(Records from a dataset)
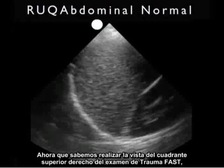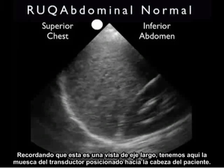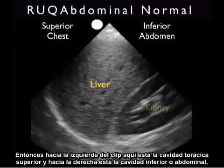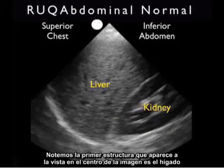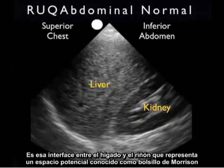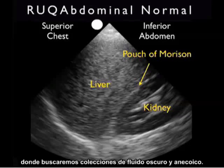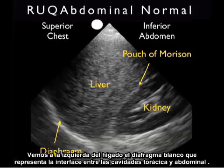Now let's take a look at a normal image you might obtain. Remembering that this is a long axis view, the probe marker is positioned towards the patient's head, so towards the left of the clip is superior or chest cavity, and towards the right is inferior or abdominal cavity. Notice the first large structure in the middle of the image is the liver, and inferior to the liver we see the football-shaped kidney. That interface between the liver and kidney represents a potential space known as Morrison's pouch, where we look for dark, anechoic fluid collections. We see a thin white line making up a normal exam, representing the fat within the capsule around the kidney. To the left of the liver, we see the white diaphragm representing the interface between the chest and abdominal cavities.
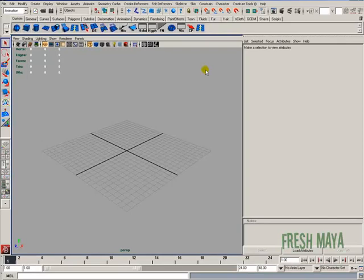Welcome to FreshMaya.com. My name is Eric and I'm going to show you how to use the visor to import objects into your scene from a library of objects.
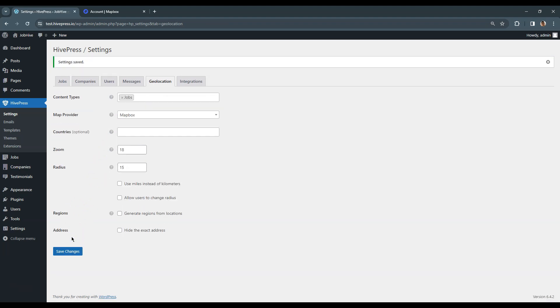That's it! Now the GeoLocation feature is enabled on this website. We'll come back to the Settings section later. But for now, let's move to the next video, where I'll show you how to add job listing categories and custom listing fields. See you in a minute!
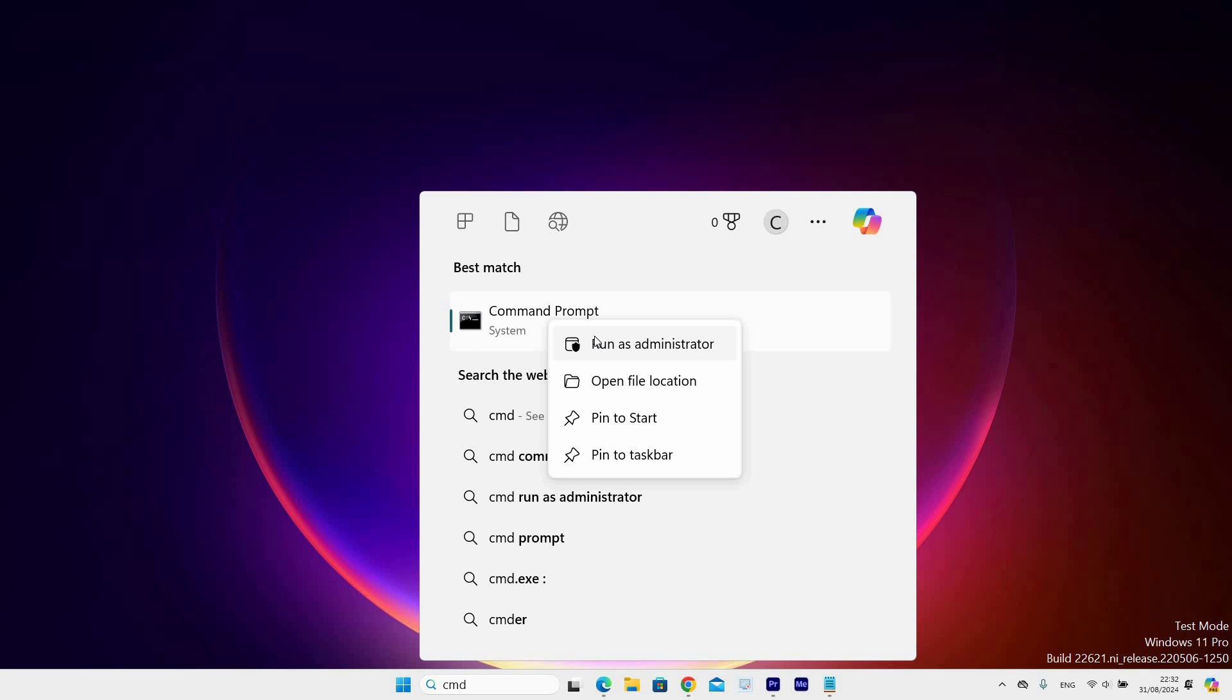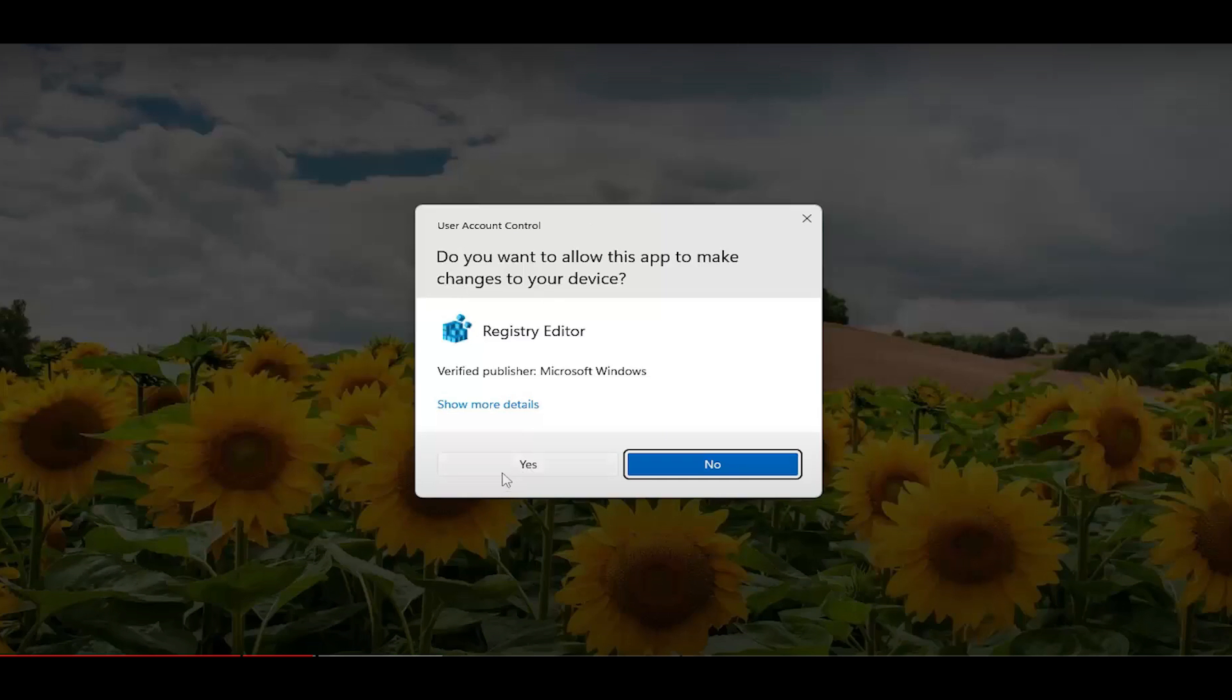Next select the run as administrator option. A user control window will pop saying, do you want to allow this app to make any changes to your device, then select yes.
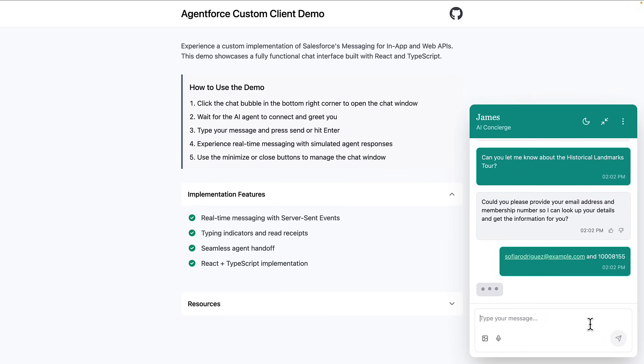Watch how our AI concierge responds naturally and contextually. See those typing indicators? They make the interaction feel dynamic in real time.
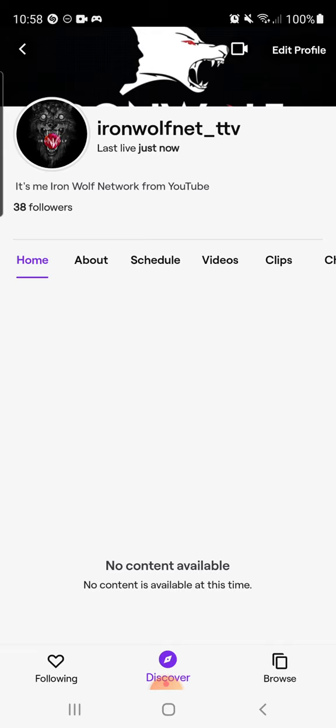The thing I need your help with is, can you guys head over to my Twitch and give me a follow? My Twitch is twitch.tv/ironwolfnet_ttv.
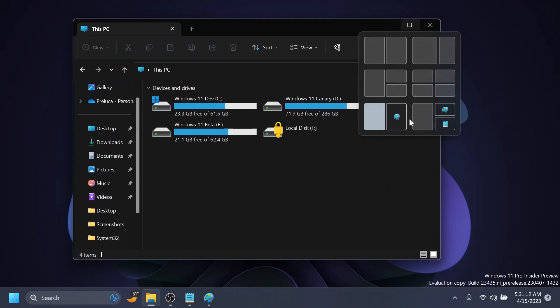A huge shout-out to PhantomOcean3 for also discovering the new taskbar setting and these new variants for the snap layouts. Make sure to follow him on Twitter if you want to learn more about hidden features like these.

How to complete this task:
Of the lines above, quote exactly those from the one with "Watch how our" through the one with "The thing I", ends included; pictures stay out.

Written response:
Watch how our AI concierge responds naturally and contextually. See those typing indicators? They make the interaction feel dynamic in real time.
The thing I need your help with is, can you guys head over to my Twitch and give me a follow? My Twitch is twitch.tv/ironwolfnet_ttv.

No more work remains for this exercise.